• THE RECORDS:
● ● ● ● ●

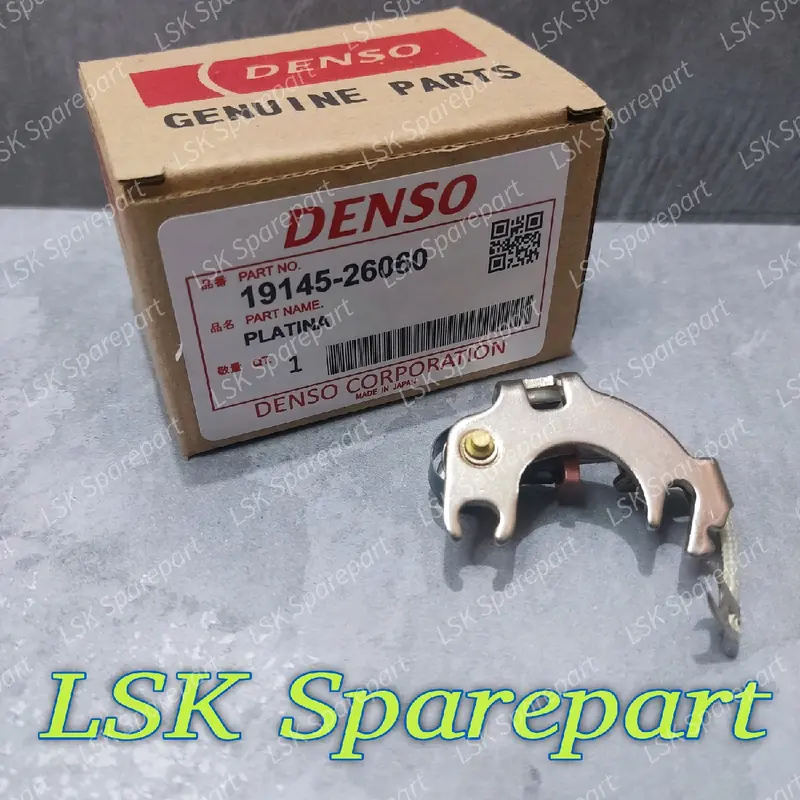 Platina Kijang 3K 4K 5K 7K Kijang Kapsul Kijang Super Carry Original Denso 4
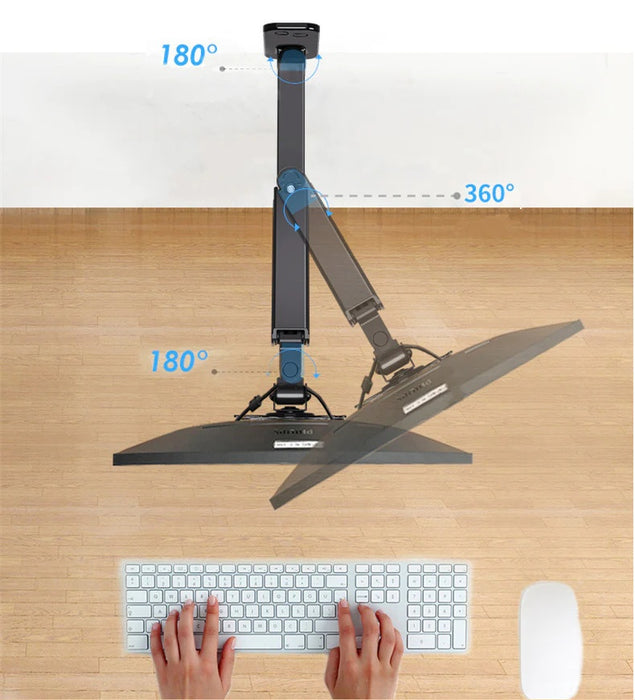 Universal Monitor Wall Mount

● ● ● ● ●

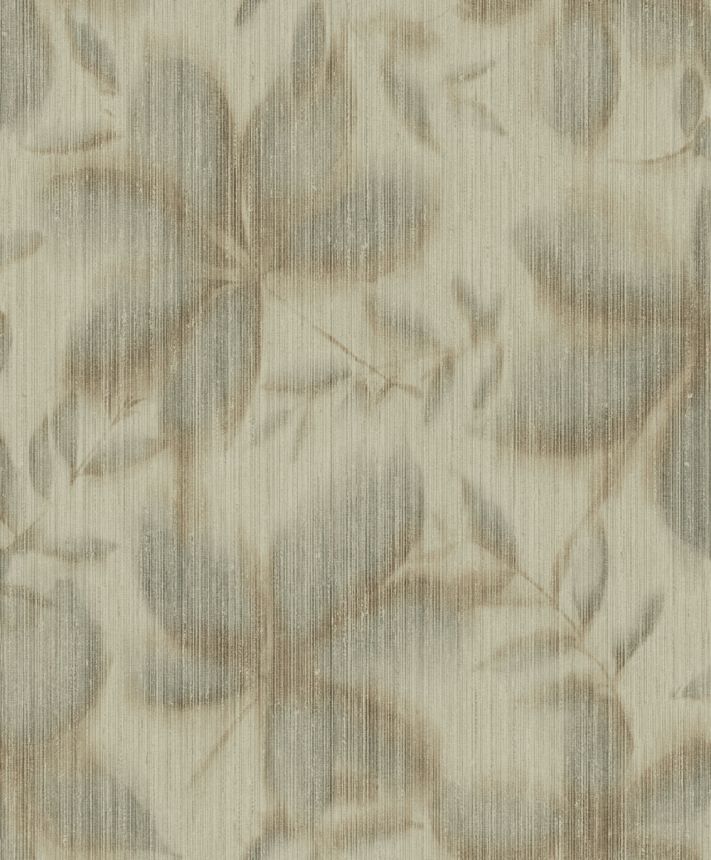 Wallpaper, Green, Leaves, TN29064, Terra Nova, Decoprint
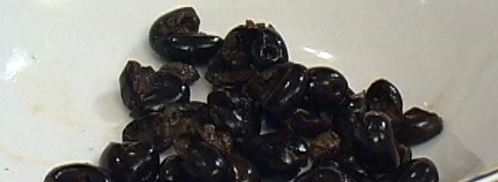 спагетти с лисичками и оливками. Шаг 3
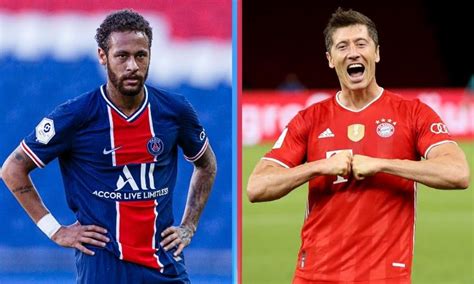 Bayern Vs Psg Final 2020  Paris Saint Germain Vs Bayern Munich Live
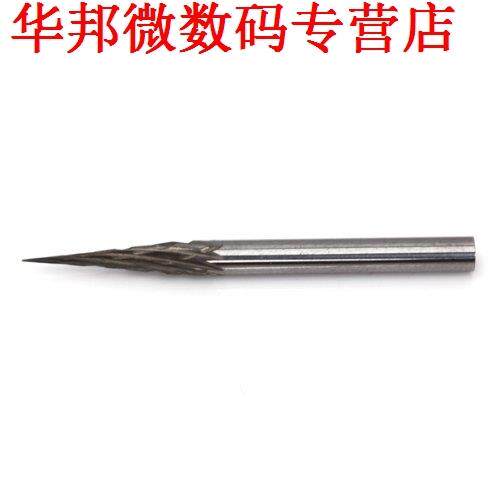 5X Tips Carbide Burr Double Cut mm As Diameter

● ● ● ● ●

• EXERCISE OBJECTIVE: With the pictures removed from your copy, retype the lines above from the one that contains "Wallpaper, Green, Leaves, TN29064, Terra" through the one that contains "5X Tips Carbide", exactly.

• EXERCISE OUTPUT:
 Wallpaper, Green, Leaves, TN29064, Terra Nova, Decoprint
 спагетти с лисичками и оливками. Шаг 3
 Bayern Vs Psg Final 2020  Paris Saint Germain Vs Bayern Munich Live
 5X Tips Carbide Burr Double Cut mm As Diameter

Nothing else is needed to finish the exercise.